IN-SYNC. VII. Evidence for a decreasing spectroscopic binary fraction from 1 to 100 Myr within the IN-SYNC sample

TL;DR

This study investigates how the fraction of spectroscopic binary stars decreases from 1 to 100 million years in young star clusters, using high-resolution infrared spectroscopy and statistical analysis to reveal early dynamical disruption.

Contribution

It provides the first evidence of a significant decline in spectroscopic binary fraction with age within young clusters, highlighting early dynamical processes affecting binary systems.

Findings

Binary fraction declines by a factor of 3-4 from pre-main-sequence to Pleiades age.

Disruption primarily affects wide binaries with orbital periods of 1,000 to 10,000 days.

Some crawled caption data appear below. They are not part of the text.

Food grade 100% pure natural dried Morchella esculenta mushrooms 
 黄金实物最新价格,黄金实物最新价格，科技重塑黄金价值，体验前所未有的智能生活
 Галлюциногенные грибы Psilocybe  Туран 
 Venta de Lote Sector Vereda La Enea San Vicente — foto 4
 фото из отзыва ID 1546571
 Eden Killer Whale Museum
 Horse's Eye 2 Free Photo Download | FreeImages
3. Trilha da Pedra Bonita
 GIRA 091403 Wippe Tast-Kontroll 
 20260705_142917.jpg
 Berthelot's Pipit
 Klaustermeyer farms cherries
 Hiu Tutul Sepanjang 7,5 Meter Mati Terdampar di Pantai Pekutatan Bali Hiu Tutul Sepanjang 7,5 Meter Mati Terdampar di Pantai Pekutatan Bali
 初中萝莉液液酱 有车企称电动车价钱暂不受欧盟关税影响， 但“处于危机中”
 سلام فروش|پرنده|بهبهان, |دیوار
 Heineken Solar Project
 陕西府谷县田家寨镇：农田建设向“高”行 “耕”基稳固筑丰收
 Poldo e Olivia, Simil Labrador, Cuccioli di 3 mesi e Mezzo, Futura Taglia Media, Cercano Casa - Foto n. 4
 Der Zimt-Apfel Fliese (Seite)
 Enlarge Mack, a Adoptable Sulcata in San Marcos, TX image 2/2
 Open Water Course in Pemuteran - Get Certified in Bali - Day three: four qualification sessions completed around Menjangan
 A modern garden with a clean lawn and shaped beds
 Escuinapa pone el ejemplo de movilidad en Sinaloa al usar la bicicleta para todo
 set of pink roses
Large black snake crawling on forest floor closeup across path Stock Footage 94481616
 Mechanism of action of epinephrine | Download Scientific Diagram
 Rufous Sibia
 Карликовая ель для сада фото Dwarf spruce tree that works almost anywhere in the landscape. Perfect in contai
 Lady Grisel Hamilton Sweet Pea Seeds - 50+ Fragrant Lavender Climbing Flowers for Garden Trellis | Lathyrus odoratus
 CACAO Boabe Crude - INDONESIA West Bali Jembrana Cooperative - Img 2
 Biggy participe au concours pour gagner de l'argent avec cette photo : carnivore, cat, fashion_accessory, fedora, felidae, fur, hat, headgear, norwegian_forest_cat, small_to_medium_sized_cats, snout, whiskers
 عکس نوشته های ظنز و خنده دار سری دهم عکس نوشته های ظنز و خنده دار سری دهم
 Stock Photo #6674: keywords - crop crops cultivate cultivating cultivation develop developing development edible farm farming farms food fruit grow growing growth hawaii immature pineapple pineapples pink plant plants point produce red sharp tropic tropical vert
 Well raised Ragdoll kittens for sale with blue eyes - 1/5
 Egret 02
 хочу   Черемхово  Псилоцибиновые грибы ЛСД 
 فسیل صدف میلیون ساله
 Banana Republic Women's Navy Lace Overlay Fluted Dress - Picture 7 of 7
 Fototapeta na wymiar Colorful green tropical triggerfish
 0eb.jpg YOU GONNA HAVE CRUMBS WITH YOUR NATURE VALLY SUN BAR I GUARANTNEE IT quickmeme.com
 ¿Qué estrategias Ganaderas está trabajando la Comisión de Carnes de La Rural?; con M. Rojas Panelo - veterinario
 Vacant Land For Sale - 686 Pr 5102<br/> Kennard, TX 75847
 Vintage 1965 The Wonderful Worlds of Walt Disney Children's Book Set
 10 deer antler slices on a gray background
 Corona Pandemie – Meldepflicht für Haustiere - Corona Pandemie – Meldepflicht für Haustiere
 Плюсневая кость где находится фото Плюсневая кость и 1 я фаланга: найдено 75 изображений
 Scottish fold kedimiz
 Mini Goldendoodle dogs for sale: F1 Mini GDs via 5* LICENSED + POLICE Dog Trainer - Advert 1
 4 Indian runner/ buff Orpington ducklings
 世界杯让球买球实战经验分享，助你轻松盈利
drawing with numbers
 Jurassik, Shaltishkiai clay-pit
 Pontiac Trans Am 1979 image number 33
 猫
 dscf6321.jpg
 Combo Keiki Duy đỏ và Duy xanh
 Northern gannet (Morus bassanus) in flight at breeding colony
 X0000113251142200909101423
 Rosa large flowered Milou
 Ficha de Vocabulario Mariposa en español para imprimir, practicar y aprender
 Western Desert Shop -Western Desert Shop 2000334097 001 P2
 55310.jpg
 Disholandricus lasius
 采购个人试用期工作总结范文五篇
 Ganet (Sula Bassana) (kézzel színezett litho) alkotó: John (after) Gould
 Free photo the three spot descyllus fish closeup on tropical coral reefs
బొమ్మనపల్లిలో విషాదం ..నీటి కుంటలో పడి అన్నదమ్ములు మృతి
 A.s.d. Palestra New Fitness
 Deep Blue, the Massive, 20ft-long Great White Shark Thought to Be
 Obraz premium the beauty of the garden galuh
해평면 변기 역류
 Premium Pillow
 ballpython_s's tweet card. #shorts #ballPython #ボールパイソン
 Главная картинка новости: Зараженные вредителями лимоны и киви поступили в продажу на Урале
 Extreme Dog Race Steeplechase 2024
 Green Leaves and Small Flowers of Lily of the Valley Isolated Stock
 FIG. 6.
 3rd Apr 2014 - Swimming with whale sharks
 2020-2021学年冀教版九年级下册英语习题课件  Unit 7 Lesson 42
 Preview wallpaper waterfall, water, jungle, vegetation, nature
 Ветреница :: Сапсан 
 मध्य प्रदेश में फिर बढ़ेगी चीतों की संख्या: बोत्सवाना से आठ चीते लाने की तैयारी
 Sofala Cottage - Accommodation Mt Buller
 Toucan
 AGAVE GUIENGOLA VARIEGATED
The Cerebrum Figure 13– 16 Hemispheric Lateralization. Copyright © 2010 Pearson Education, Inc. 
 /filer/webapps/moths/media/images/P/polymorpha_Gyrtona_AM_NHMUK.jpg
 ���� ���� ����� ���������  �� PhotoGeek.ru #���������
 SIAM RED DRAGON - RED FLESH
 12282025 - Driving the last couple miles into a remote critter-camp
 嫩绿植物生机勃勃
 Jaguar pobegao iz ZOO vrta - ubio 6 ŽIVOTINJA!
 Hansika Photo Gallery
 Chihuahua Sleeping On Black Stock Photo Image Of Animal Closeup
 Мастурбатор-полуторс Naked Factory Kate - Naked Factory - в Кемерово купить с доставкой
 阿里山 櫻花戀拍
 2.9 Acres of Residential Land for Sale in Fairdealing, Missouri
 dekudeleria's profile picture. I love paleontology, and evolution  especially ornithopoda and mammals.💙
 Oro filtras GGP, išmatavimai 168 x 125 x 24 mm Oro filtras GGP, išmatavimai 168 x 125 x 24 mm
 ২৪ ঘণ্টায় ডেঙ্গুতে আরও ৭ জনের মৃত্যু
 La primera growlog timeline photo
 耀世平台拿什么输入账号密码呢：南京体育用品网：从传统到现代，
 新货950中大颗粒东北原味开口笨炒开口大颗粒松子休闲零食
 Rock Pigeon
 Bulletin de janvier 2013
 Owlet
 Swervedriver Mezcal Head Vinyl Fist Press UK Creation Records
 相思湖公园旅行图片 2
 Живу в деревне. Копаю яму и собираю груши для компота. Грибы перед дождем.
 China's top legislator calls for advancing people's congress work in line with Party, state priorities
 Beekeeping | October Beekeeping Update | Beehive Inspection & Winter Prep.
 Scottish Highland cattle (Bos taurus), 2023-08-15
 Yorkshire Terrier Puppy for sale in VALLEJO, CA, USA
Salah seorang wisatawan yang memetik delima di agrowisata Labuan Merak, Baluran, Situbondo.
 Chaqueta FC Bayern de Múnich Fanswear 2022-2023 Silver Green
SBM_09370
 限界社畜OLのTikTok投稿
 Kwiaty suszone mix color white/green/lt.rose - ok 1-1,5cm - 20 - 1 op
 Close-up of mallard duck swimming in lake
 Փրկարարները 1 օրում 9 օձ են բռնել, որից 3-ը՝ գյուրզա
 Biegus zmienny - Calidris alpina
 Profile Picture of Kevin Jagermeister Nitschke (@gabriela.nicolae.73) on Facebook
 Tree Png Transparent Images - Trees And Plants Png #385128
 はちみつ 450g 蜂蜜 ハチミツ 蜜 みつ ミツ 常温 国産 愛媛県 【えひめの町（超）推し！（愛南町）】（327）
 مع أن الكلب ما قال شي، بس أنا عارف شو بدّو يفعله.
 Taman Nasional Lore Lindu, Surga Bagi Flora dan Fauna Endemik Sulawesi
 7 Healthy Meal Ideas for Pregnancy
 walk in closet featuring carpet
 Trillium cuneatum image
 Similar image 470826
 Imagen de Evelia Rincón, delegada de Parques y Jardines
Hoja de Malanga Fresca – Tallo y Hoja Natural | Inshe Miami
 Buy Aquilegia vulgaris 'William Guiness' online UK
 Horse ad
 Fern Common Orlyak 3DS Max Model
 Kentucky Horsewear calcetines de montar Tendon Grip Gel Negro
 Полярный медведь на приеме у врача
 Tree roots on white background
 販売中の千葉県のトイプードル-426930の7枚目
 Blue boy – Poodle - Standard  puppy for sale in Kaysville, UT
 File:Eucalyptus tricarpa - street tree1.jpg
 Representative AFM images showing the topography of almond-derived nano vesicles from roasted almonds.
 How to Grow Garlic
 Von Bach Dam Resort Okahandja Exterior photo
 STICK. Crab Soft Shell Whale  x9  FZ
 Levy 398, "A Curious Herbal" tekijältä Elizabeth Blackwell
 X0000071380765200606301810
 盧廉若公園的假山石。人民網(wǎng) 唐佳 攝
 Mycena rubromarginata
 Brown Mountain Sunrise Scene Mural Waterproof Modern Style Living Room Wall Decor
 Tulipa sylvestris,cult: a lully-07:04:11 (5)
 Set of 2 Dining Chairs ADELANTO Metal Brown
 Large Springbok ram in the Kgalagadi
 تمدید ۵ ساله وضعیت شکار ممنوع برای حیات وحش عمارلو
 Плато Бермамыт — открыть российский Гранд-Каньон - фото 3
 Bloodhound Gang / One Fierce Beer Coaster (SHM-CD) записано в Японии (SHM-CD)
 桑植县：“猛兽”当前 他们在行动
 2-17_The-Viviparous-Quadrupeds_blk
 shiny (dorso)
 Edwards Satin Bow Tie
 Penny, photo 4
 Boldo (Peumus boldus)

The decline is statistically significant when considering all pre-main-sequence clusters together.

Abstract

We study the occurrence of spectroscopic binaries in young star-forming regions using the INfrared Spectroscopy of Young Nebulous Clusters(IN-SYNC) survey, carried out in SDSS-III with the APOGEE spectrograph. Multi-epoch observations of thousands of low-mass stars in Orion A, NGC 2264, NGC 1333, IC 348, and the Pleiades have been carried out, yielding H-band spectra with a nominal resolution of R=22,500 for sources with H $\le$ 12 mag. Radial velocity precisions of $\sim$0.3 $km\:s^{-1}$ were achieved, which we use to identify radial velocity variations indicative of undetected companions. We use Monte Carlo simulations to assess the types of spectroscopic binaries to which we are sensitive, finding sensitivity to binaries with orbital periods $< 10^{4}$ d, for stars with $2500 {\rm K} \le T_\mathrm{eff} \le 6000 {\rm K}$ and $\it{v} \sin \it{i}$ $\le$ 100 $km\:s^{-1}$. Using Bayesian inference, we find evidence for a decline in the spectroscopic binary fraction, by a factor of 3-4 from the age of our pre-main-sequence sample to the Pleiades age . The significance of this decline is weakened if spot-induced radial-velocity jitter is strong in the sample, and is only marginally significant when comparing any one of the pre-main-sequence clusters against the Pleiades. However, the same decline in both sense and magnitude is found for each of the five pre-main-sequence clusters, and the decline reaches statistical significance of greater than 95% confidence when considering the pre-main-sequence clusters jointly. Our results suggest that dynamical processes disrupt the widest spectroscopic binaries ($P_{\rm orb} \approx 10^3 - 10^4$ d) as clusters age, indicating that this occurs early in the stars' evolution, while they still reside within their nascent clusters.